Apartment lending remains one of the bright spots within the commercial mortgage business and borrowers can still expect long term, fixed rate financing, high leverage loans and low rates.

For example, we are still seeing 30 to 35 year fixed rate financing, though 5 and 10 year fixed is more popular with borrowers. Amortization schedules remain at 30 to 35 years with some government backed programs. As far as leverage, borrower can still get 80% financing on purchases (85% on loan request over $3,000,000) and 75% on cash out refinances. Rates are strong as well with most in the 6% - 6.25% range(2/10/09) though for larger loans rates in the 5%’s are available.
Apartment Lending, Multifamily Lending

What the bad news? Conventional financing is limited and multifamily lending is getting more conservative from a global perspective. Historically multifamily underwriting has been focused almost exclusively on the subject property. Now, apartment lending is becoming more like typically commercial mortgages, where the entire borrowers financial situation is scrutinized.
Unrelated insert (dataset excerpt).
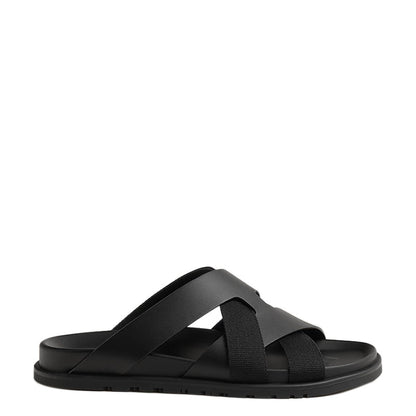 Men Textured Leather Comfort Black/Green Sandal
Meaning the borrowers personal needs will be examined, other businesses will often be looked at, etc to make sure that the borrower cash flows overall. (Keep in mind though that some programs, where loan amounts are over $3,000,000 the borrower personally is still not looked at.) This global underwriting is often cumbersome for borrowers that are not use to it, but this is just the new reality and borrowers will have to be willing to “play ball” if they want to get their multifamily property financed.

All in all, despite the recent changes, apartment lending remains one of the most viable sectors of the business. Most importantly, the liquidity is still there with terms that still make sense for borrowers. Borrowers should be ready to provide more documentation than they are use to, but compared to other sectors where financing is all but gone, it looks really good.